However, up to date, the question whether there are separate spatial WM processing streams in the brain for movement vs. spatial perception has not been resolved. In a recent study (Smyrnis et al., 2014) we tried to address this issue using scalp electroencephalographic recordings (EEG). The experiment involved memory and non-memory conditions on two tasks: one in which the spatial location of the target served as a goal for a 2D pointing movement (movement task) and one in which the spatial location of the target served as the onset of a perceptual yes/no decision (change detection task). We showed that there was a significant increase of the movement-related memory signal compared to the change detection-related memory signal in the central midline area in β and γ bands. Yet, the time-frequency analysis failed to identify in any region the opposite effect, namely an increase in the memory specific signal for the change detection task compared to the movement task, that would suggest a double dissociation for the two visuo-spatial WM processing streams (motor and perceptual). In a similar experiment (Srimal and Curtis, 2008), it has been compared the brain activity during a memory-guided saccade task between perceptual and motor spatial WM using fMRI. The authors reported no differences in the fronto-parietal network that was activated for both tasks.

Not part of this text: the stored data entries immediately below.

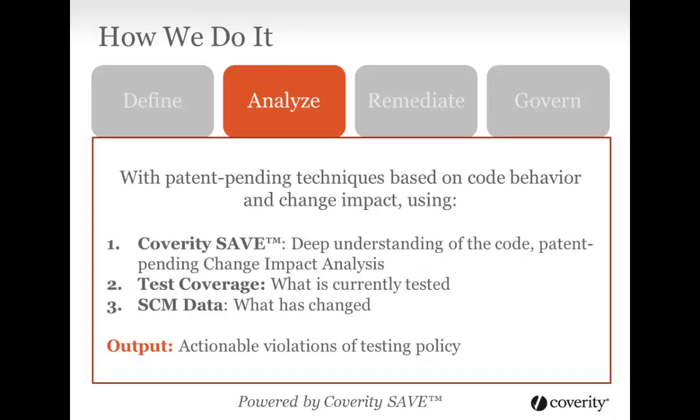Next, analyze the code in the context of your testing policy to identify actionable violations. It starts with the Coverity Static Analysis Verification Engine, or SAVE. SAVE utilizes patent-pending techniques from test data correlation to change impact analysis. SAVE communicates with other parts of the platform to ensure it understands when and what has changed in the code, and what parts of the code are covered by tests. It correlates that data with its deep understanding of the code to identify things like how code changes affect other areas of code. It uses this detailed information to determine any violations.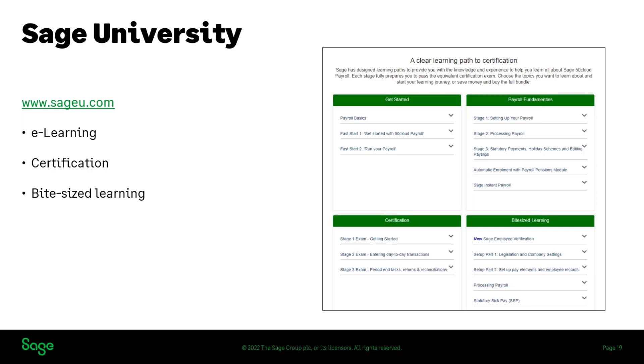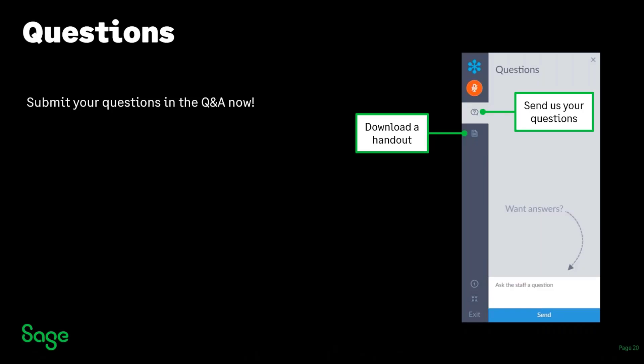That wraps up the session fully. We've hit the half-hour mark, but we'll spend a couple of minutes on any remaining questions. If you're leaving now, it's been an absolute pleasure to see so many people attend today. When you leave the session you'll be presented with a survey — it would mean a lot if you spent a little time filling that in so we can improve these sessions and try new things like the quiz.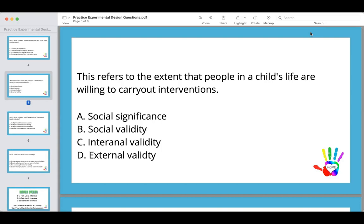Social significance means that the interventions are important and relevant to a child's life and will produce meaningful change. Internal validity has to do with the extent to which the independent variable is having an effect on the dependent variable. You can have internal validity but not be socially valid — for example, an intervention that works in a clinical setting but requires a highly skilled therapist and can't be carried out by parents.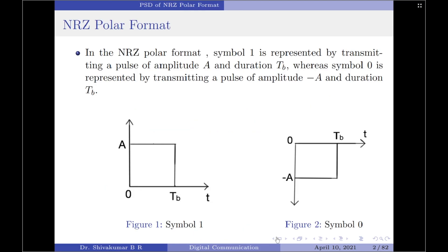We know that in NRZ polar format, symbol 1 is represented by transmitting a pulse of amplitude plus A and duration T_b, whereas symbol 0 is represented by transmitting a pulse of amplitude minus A and duration T_b.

In the current study, we make a step change and provide evidence that visuo-spatial information can be fully dissociated between different tasks (movement-planning vs. perceptual/change detection) and memory conditions (memory vs. non-memory). For that purpose, we calculated the functional directed connectivity networks between the recording sites via spectral Granger causality (GC) analysis. Spectral GC was employed to identify directions, strengths and frequencies of interactions between time-series on a set of 56 EEG electrodes.
Materials and Methods
Four types of trials were performed by ten right-handed volunteers (seven men and three women) between the ages of 29 and 44 (mean age of 35) in a randomized order as described in a previous study (Smyrnis et al., 2014). All participants had no history of major medical or psychiatric illness and had normal or corrected-to-normal vision. They were fully informed about the experimental procedure and gave written informed consent. The study protocol was approved by the Aeginition Hospital Ethics committee and conformed to the 2013 WMA Declaration of Helsinki. For the sake of completeness of the presentation, we also describe it here briefly (see also Figure 1). At the beginning of each trial, a small circle was presented at the center of the monitor. The color of the circle was either blue indicating that the trial would be completed by making a pointing movement (movement task), or red indicating that the trial would be completed by pressing one of two buttons giving a yes/no response (change detection task). At the end of the baseline period which lasted randomly between 1500 and 2500 ms, a target was presented at one of 36 (equally distributed around 360° of an invisible circle) peripheral locations. After 250 ms (duration of target presentation) the background monitor color changed again either masking the peripheral target (memory condition) or allowing the target to remain visible (non-memory condition). After a delay period that varied randomly between 3500 and 4500 ms, the central circle disappeared; this served as a “go” signal for initiating a response.
Figure 1. Schematic of the experimental procedure. (A) Movement-memory task (M-M), (B) Movement-non memory task (M-NM), (C) Change detection-memory task (CD-M), (D) Change detection-non memory task (CD-NM).
For the movement task, the subjects had to simply place the cursor as fast as possible on the peripheral target disk by moving a joystick. For the change detection task, a second peripheral target appeared either at the same location as before (with 0.5 probability) or at another location and remained visible for 250 ms. Subjects had to press the “yes” vs. the “no” button depending on whether they perceived that the second target was at the same or different location as the first target. To summarize, we had four trial types: (1) movement-memory (M-M) (Figure 1A), (2) movement-non-memory (M-NM) (Figure 1B), (3) change detection-memory (CD-M) (Figure 1C), and (4) change detection-non memory (CD-NM) (Figure 1D).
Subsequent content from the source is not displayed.